As we can see, MetaSPAdes gave us a lot of files. The ones with the assembly are the contigs.fasta and the scaffolds.fasta. Also, we found three K folders: K21, K33, and K55; this contains the individual result files for an assembly with k-mers equal to those numbers: 21, 33, and 55. The best-assembled results are the ones that are displayed outside these k-folders. The folder corrected hold the corrected reads with the SPAdes algorithm. Moreover, the file assembly_graph_with_scaffolds.gfa have the information needed to visualize our assembly by different means, like programs such as Bandage.

The contigs are just made from assembled reads, but the scaffolds are the result from a subsequent process in which the contigs are ordered, oriented, and connected with Ns.

We can recognize which sample our assembly outputs corresponds to because they are inside the assembly results folder: assembly_JC1A/. However, the files within it do not have the sample ID. If we need the files out of their folder, it is beneficial to rename them.

Exercise 1: Rename all files in a folder (needed in the next episode)

Add the prefix JC1A (the sample ID) separated by a _ to the beginning of the names of all the contents in the assembly_JC1A/ directory. Remember that many solutions are possible.

$ mv * JC1A_
$ mv * JC1A_*
$ for name in *; do mv $name JC1A_; done
$ for name in *; do mv $name JC1A_$name; done

Show me the solution

No, this option is going to give you as error mv: target 'JC1A_' is not a directory This is because mv has two options:
mv file_1 file_2
mv file_1, file_2, ..... file_n directory
When a list of files is passed to mv, the mv expects the last parameters to be a directory.
Here, * gives you a list of all the files in the directory. The last parameter is JC1A_ (which mv expects to be a directory).
No.
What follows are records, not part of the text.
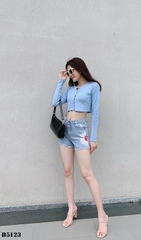 Quần jean short hoa cúc tua xanh B5123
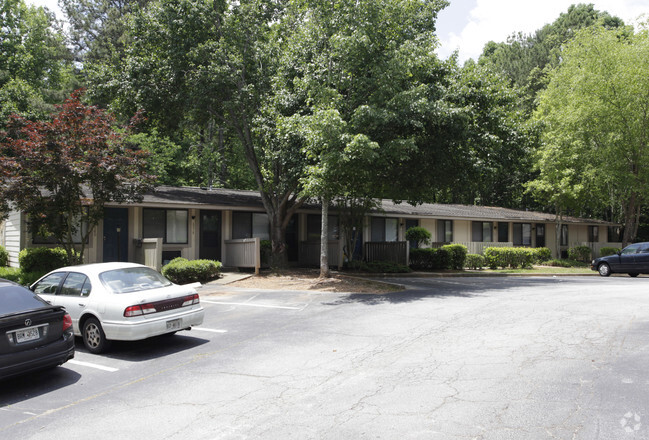 Building Photo - Parkwood Village Apartments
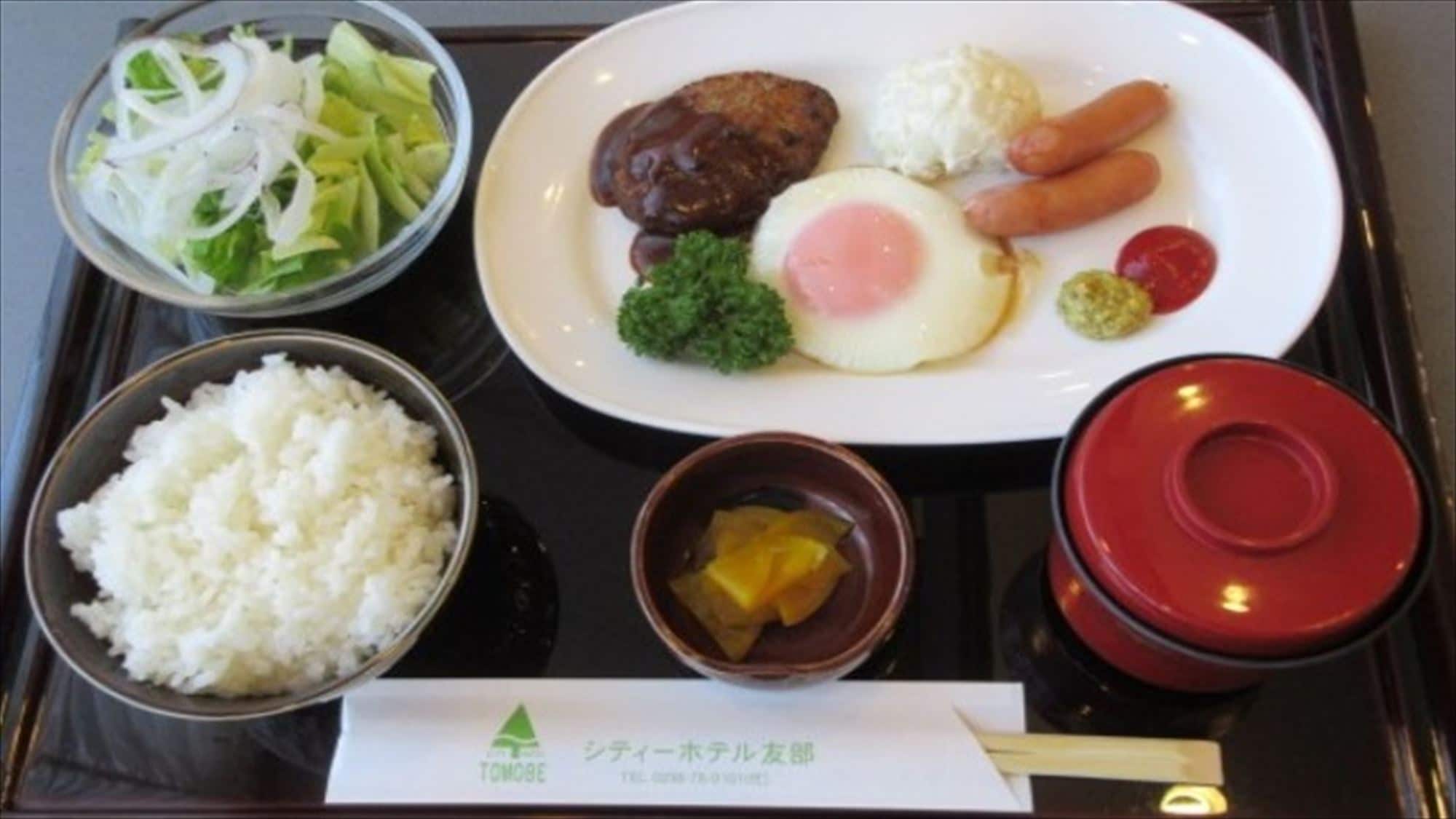 早餐：西式米飯套餐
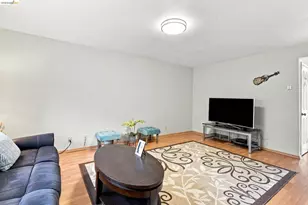 205 Del Valle Cir, El Sobrante, CA 94803 - Photo 3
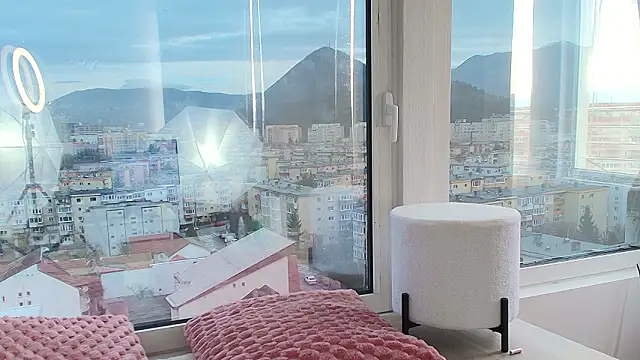 Lorennameliyy online show from 02-10-26, 07:18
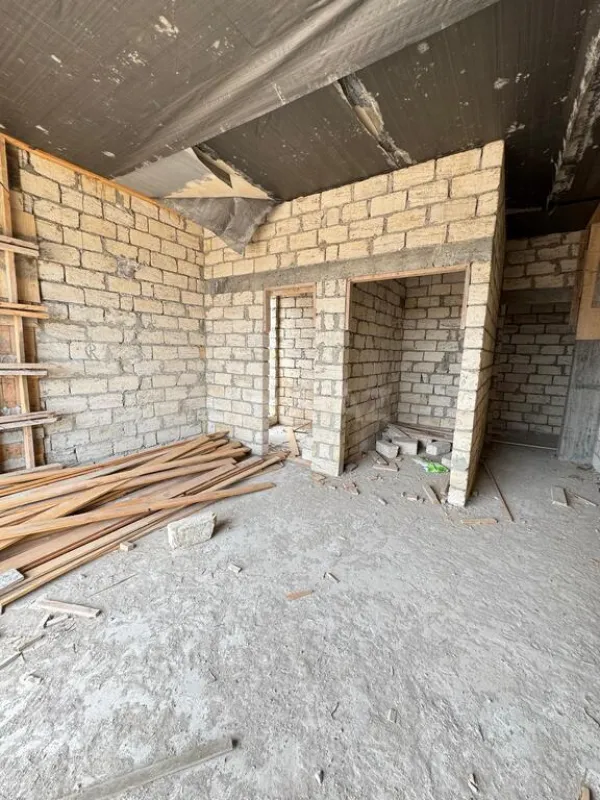 Satılır 5 otaqlı həyət evi 230 m²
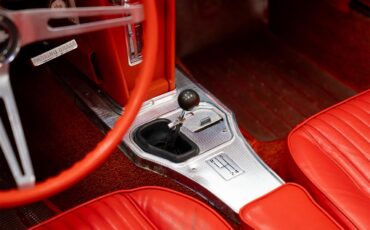 Chevrolet-Corvette-1963-Red-Red-21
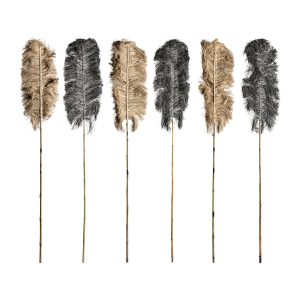 Rama decorativa j 6 de estilo étnico fabricado en rafia en color negro en color natural.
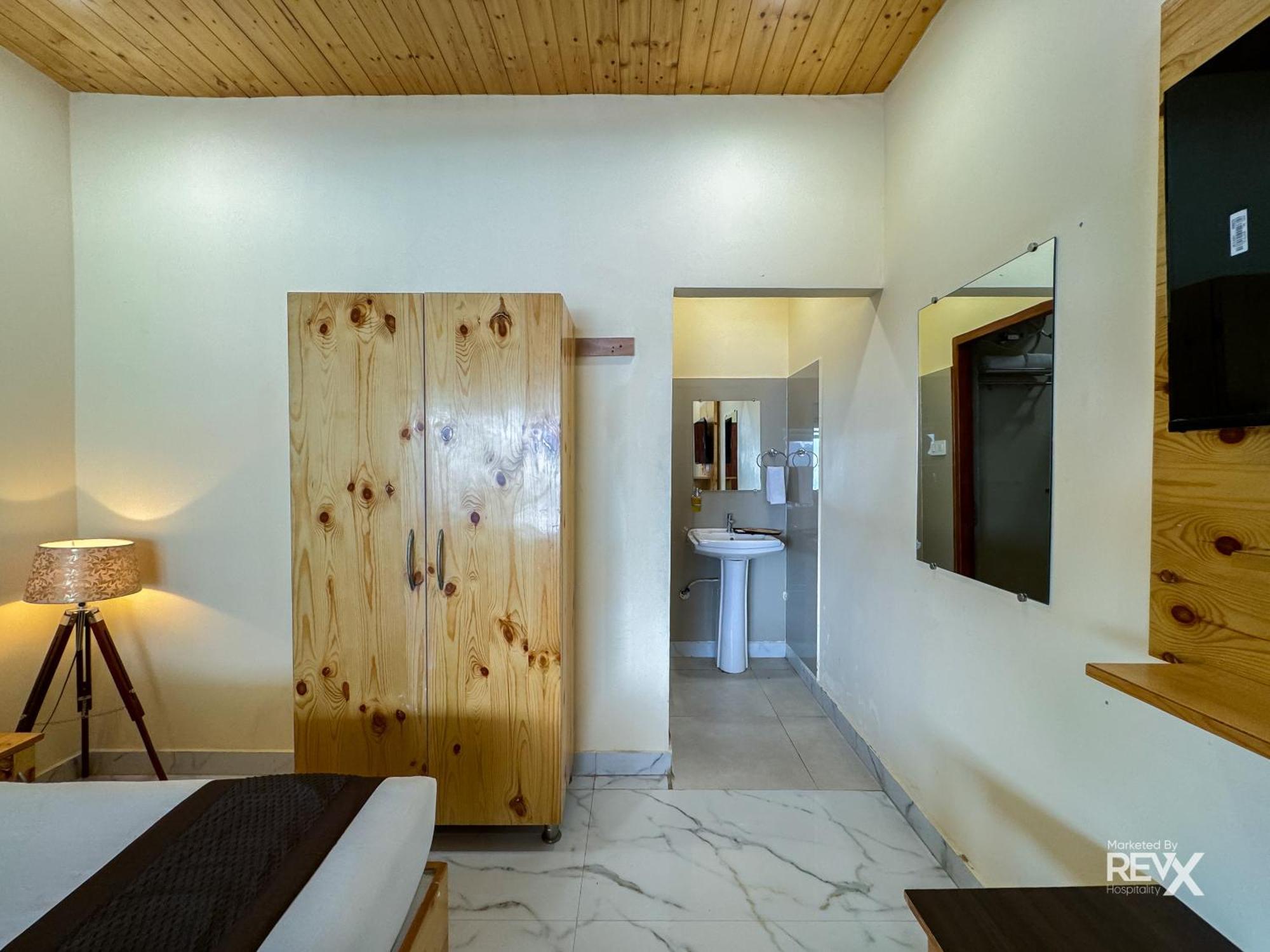 Hotel The Leisure Cave On The Ganges à Rishīkesh Extérieur photo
Again, every file is sent to the same file.
No, every file is sent to the same file JC1A_
Yes, this is one of the possible solutions.

¿Do you have another solution?

Exercise 2: Compare two fasta files from the assembly output

You want to know how many contigs and scaffolds result from the assembly. Use contigs.fasta and scaffolds.fasta files and sort the commands to create correct code lines.
Do they have the same number of lines? Why?
Hint: You can use the following commands: grep, | (pipe), -l, ">", wc, filename.fasta

Show me the solution

BASH

$ grep '>' contigs.fasta | wc -l
$ grep '>' scaffolds.fasta | wc -l

A contig is created from reads and then a scaffold from a group of contigs, so we expect fewer lines in the scaffolds.fasta.

Quality of assemblies

You can use several metrics to know the quality of your assemblies. MetaQuast is a program that gives you these metrics for metagenome assemblies in an interactive report and text files and plots.

Key Points

Assembly groups reads into contigs.
De Bruijn Graphs use Kmers to assembly cleaned reads.
Program screen allows you to keep open remote sessions.
MetaSPAdes is a metagenomes assembler.
Assemblers take FastQ files as input and produce a Fasta file as output.